RECORD EXTRACTS
━━━━━━━━━━━━━━━━━━━━
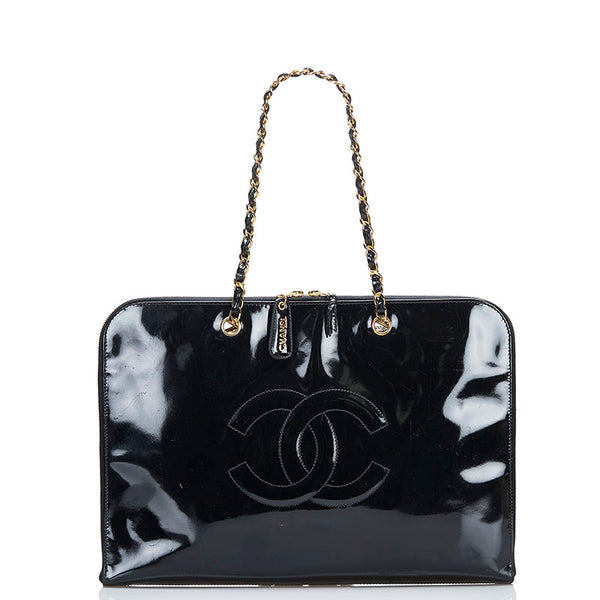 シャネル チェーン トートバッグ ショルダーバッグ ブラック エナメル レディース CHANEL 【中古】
━━━━━━━━━━━━━━━━━━━━
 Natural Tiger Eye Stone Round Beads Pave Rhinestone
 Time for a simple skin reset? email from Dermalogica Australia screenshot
━━━━━━━━━━━━━━━━━━━━
TASK ITEM
Your answer should be the lines above, from the line containing "Natural Tiger Eye" up to and including the line containing "Time for a simple", reproduced exactly and with nothing else.

RESULT FOR THIS EXERCISE
 Natural Tiger Eye Stone Round Beads Pave Rhinestone
 Time for a simple skin reset? email from Dermalogica Australia screenshot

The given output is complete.